LEGISLATION CLINIC STUDENTS PRODUCE REPORT ON RIGHTS OF PEOPLE WITH DEVELOPMENTAL DISABILITIES TO SUPPORT DRAFTING OF DC LEGISLATION
Three students in the School of Law’s Legislation Clinic –Mollie Byron, Wallace Canter, and Mary Schoenfuhs –have written and submitted a report titled Evolution to Empowerment: A Survey of the Rights of People with Developmental Disabilities for the Drafting of the Developmental Disabilities Reform Act. The District of Columbia Government, acting through its Department of Disability Services, Management Advisory Committee (DDS MAC), has undertaken a comprehensive revision of DC’s over-30-year-old developmental disabilities laws. The Legislative Committee of DDS MAC put together a draft Developmental Disabilities Reform Act (DDRA) bill that aims to "implement a model system of effective, quality supports and services for residents with developmental disabilities and for their families." DDS MAC established an Expert Review Panel to provide input and feedback to it on the draft legislation. Professor Robert Burgdorf, Director of the Legislation Clinic and a member of the Review Panel, commissioned the three students (dubbed "the disability group") to assist him in developing input on the draft legislation. He asked the group to (1) review federal developmental disabilities laws; (2) sample a selection of state laws; and (3) analyze legal principles enunciated by the court in the ongoing series of legal proceedings, originally titled Evans v. Washington, a lawsuit on behalf of residents of Forest Haven residential facility challenging their confinement, and practices and conditions at the facility.
The findings resulting from these three pieces of research served as a touchstone for comparison with the DDRA bill to see if any significant areas of rights and requirements were overlooked or omitted. The students organized their research into fifteen categories: Purposes of Developmental Disability Law; Recognition of Constitutional and Other Legal Rights; Right to Habilitation and Treatment Services; Eligibility and Waiting Lists; Healthcare Decisions and Informed Consent; Family Support Services; Accessibility; Freedom to Make Choices; Civil Liberties; Freedom from Harm; Property, Ownership, and Finances; Nutrition and Diet; Community and Social Integration; Criteria and Standards for Use of Restraint and Isolation; and Enforcement and Grievance Procedures.
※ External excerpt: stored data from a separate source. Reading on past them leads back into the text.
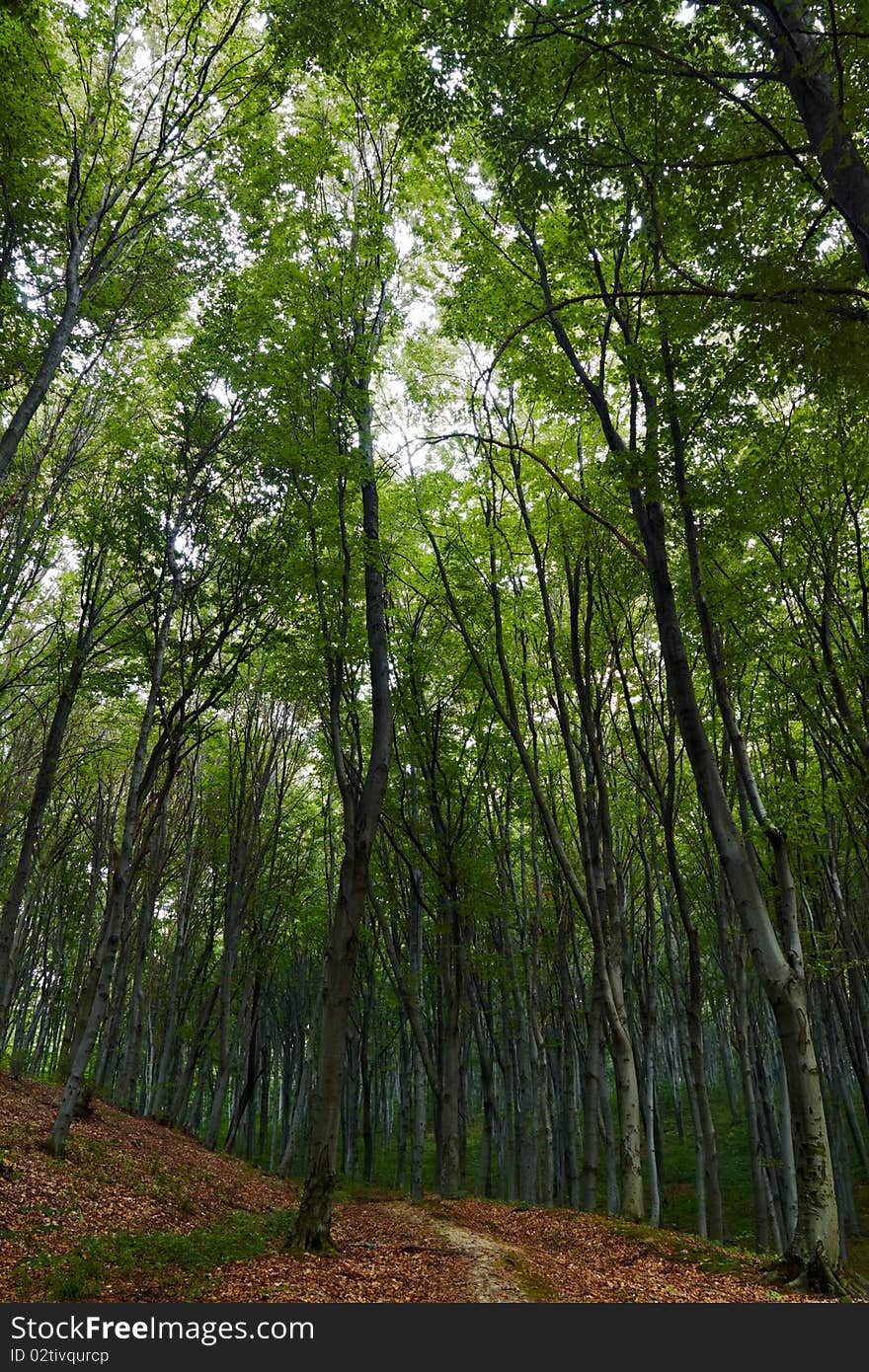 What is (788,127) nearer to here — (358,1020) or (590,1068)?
(590,1068)

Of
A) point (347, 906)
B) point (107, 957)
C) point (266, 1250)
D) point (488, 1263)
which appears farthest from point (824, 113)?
point (107, 957)

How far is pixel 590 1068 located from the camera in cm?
1232

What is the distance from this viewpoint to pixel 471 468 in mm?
13617

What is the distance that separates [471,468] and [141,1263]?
40.0 feet

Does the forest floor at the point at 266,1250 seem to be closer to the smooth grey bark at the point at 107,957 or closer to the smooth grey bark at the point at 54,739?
the smooth grey bark at the point at 107,957

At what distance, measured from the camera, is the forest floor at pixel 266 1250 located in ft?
19.3

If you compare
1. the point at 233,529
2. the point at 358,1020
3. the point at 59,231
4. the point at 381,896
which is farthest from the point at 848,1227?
the point at 59,231

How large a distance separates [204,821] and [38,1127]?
9794 millimetres

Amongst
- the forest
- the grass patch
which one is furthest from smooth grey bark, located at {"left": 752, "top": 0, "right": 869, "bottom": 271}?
the grass patch

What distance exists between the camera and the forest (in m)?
6.39

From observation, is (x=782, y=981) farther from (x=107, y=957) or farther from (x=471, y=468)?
(x=471, y=468)

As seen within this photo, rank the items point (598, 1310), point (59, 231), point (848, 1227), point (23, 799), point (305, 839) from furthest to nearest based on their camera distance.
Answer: point (305, 839) → point (23, 799) → point (848, 1227) → point (59, 231) → point (598, 1310)

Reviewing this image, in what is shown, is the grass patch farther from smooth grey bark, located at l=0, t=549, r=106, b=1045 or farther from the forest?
smooth grey bark, located at l=0, t=549, r=106, b=1045

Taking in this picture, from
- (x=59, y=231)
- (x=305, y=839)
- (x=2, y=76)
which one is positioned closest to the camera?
(x=2, y=76) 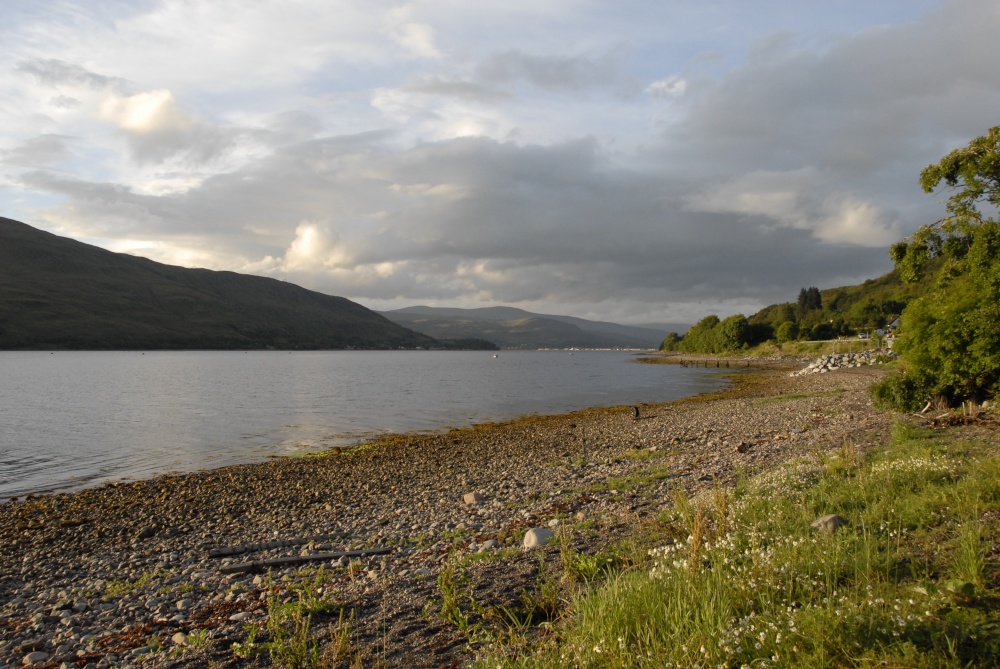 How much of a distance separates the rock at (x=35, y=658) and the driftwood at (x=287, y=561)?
362 cm

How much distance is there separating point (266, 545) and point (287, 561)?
2.09 m

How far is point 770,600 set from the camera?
5887 millimetres

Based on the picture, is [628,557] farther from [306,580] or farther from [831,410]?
[831,410]

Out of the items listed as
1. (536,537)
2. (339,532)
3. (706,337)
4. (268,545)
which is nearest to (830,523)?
(536,537)

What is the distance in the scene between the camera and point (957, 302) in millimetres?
20094

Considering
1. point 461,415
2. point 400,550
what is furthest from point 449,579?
point 461,415

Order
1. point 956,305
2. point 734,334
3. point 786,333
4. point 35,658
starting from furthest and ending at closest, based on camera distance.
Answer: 1. point 734,334
2. point 786,333
3. point 956,305
4. point 35,658

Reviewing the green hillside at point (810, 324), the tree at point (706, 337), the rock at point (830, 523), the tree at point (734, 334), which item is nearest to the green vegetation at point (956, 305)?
the rock at point (830, 523)

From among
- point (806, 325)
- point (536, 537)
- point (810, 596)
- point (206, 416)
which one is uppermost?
point (806, 325)

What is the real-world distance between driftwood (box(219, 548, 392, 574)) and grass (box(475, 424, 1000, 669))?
5.62 m

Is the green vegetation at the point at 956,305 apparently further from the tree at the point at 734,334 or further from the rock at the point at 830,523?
the tree at the point at 734,334

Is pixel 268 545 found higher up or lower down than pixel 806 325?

The report’s findings were generally positive toward the draft DDRA. Of the fifteen categories examined, the students concluded that the proposed bill adequately or fully addresses 12 of them. As to the others, the report offered suggestions for strengthening the legislation. In the area of Property, Ownership, and Finances, the students suggested additional language to include certain kinds of property transactions not mentioned in the draft bill. In regard to accessibility, they suggested the addition of language regarding accessibility modifications in the homes of people having developmental disabilities. The students also suggested some supplementation of the proposed DDRA language regarding training, which was not identified as a separate category in their research. The most critical of their comments focused on Waiting Lists, which the report argued should not be permitted.
Professor Burgdorf presented the report, along with his own comments on the legislation, to the committee at its meeting with the Expert Review Panel on April 16. He described the students’ product as having been "very well-received" by the DDS MAC members, who indicated that they wanted to make the Evolution to Empowerment report a part of the legislative history of the DDRA bill that they hope to see introduced in the District of Columbia Council as early as July.